La
pandemia es “democrática”, puede atacar a todos… ricos-pobres,
ocupados-desocupados, mujeres-hombres, jóvenes-viejos, poblaciones
de países opulentos y sumergidos. Por eso es tan peligrosa: nadie
está exento de caer en sus redes. Todos somos igualmente
vulnerables.
El
aislamiento es otra cosa. Allí no somos tan iguales. No es lo mismo
ser banquero que jubilado, empresario que empleado, propietario que
inquilino; tener un duplex o no tener donde dormir; molestarte porque
se aumenta la cuota del colegio privado que no tener para comer.
Incluso la noble y necesaria consigna QuedateEnCasa no tiene el
mismo sentido para unos y para otros: no sólo porque muchos no
tienen casa sino porque quedarse en casa significa no poder trabajar
y por ende, no poder alimentarse.
El
COVID-19 y el aislamiento, han exacerbado las desigualdades
existentes y patentizan un orden social injusto a nivel global.
Pese
a ello, las leyes nos informan que somos todos libres e iguales, pero
ese discurso, lo saben los desventajados, disimula la efectiva
desigualdad.
Y
aquí aparecen las divergencias. Es decir, ¿cuál es la actitud
frente a la desigualdad?. Hay quienes niegan o minimizan las
desigualdades y tratan de esconder el verdadero sentido de las
relaciones que las producen. Otros, tratan de exponerlas, de
criticarlas e instalar el lugar para el reclamo por la igualdad y la
justicia.
Algunos
“confunden” lo que pertenece al orden natural y al orden social.

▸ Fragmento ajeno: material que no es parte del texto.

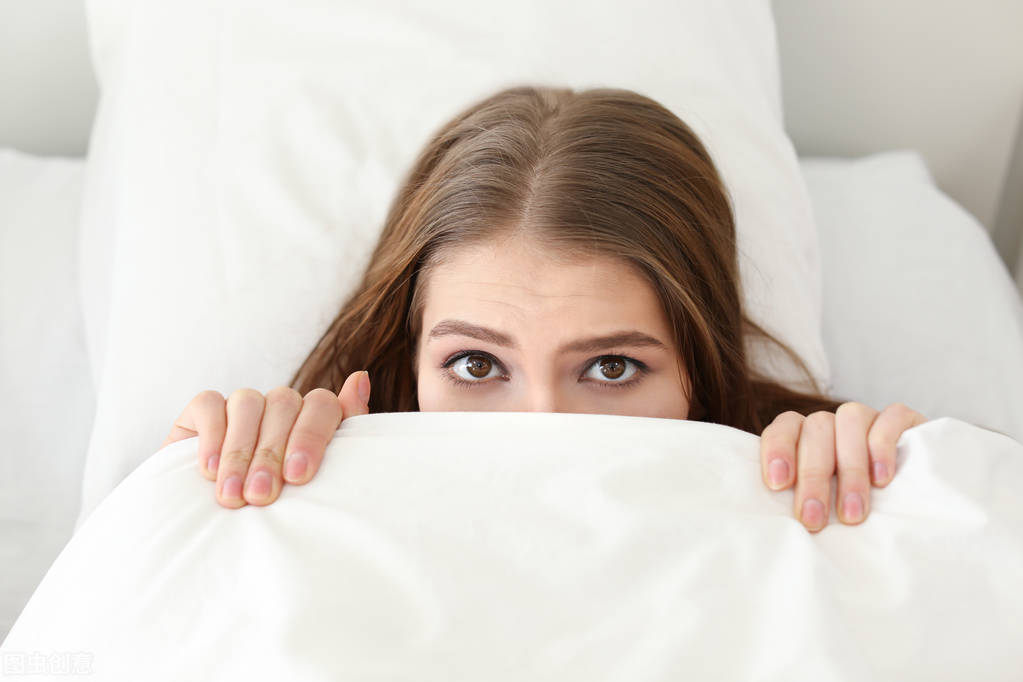 晚上睡不着怎么办教你一招,缓解晚上睡不着觉的妙招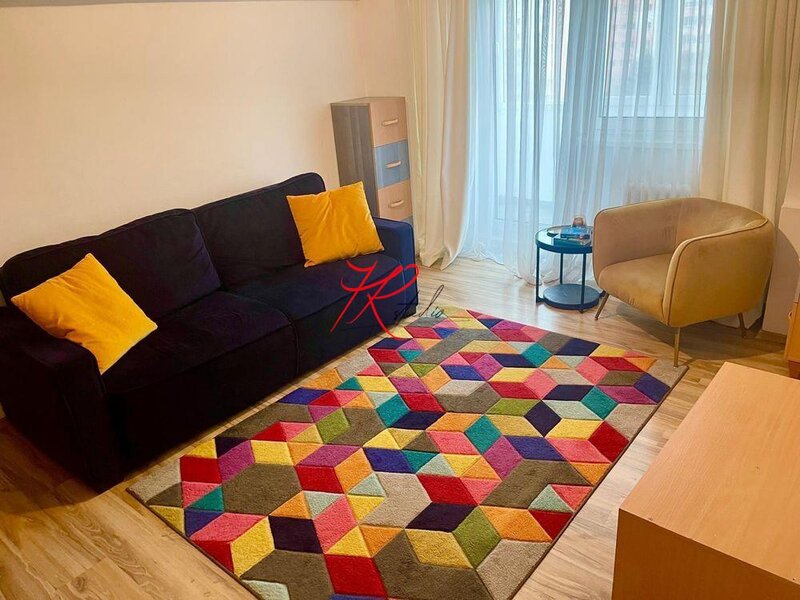 Teiul Doamnei Vanzare apartament 2 camere bloc / dupa 1980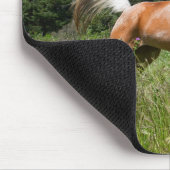 Tapis De Souris Cheval Palomino traversant une prairie (Coin)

El color de piel, la estatura, nos hace inicialmente diferentes. Y en
todo caso son diferencias de orden natural. Pero la pobreza y la
indigencia son desigualdades sociales. Iguales salarios o igual
indigencia pertenecen al orden político y social, a la estructura
económica.
Pretenden
hacernos creer que las desigualdades son “congénitas”,
inexorables. La infame frase con intenciones justificatorias, “pobres
ha habido siempre”, responde a esa lógica: una irritante
despreocupación por la desigualad como si la pobreza fuese un
cuestión “natural”, irremediable. Más aún, esta actitud
pretende ocultar las verdaderas causas de la desigualdad.
Que
haya muchos pobres o menos pobres no es un designio maligno de la
naturaleza, es una cuestión del sistema económico y político
(injusto) y por tanto, es posible remediar, mitigar, eliminar.
Por
eso el viejo maestro Norberto Bobbio a mediados de los 90 del siglo
pasado, desafía la partida de defunción dispuesta desde los poderes
ideológicos dominantes, de la díada “izquierda-derecha”. Decía:
“aquellos que se declaran de izquierda dan mayor importancia en su
conducta moral y en su iniciativa política a lo que convierte a los
hombres en iguales o a las formas de atenuar y reducir los factores
de desigualdad; los que se declaran de derechas están convencidos de
que las desigualdades son un dato ineliminable y que al fin y al
cabo, ni siquiera deben desear su eliminación”.
Si
prefieren, excluir esta “odiosa” y “caduca” distinción así
calificada por el mundo posmoderno, convendrán por lo menos con
Geroge Orwell, cuando recuerda que todos somos iguales pero algunas personas “son más iguales que otras”.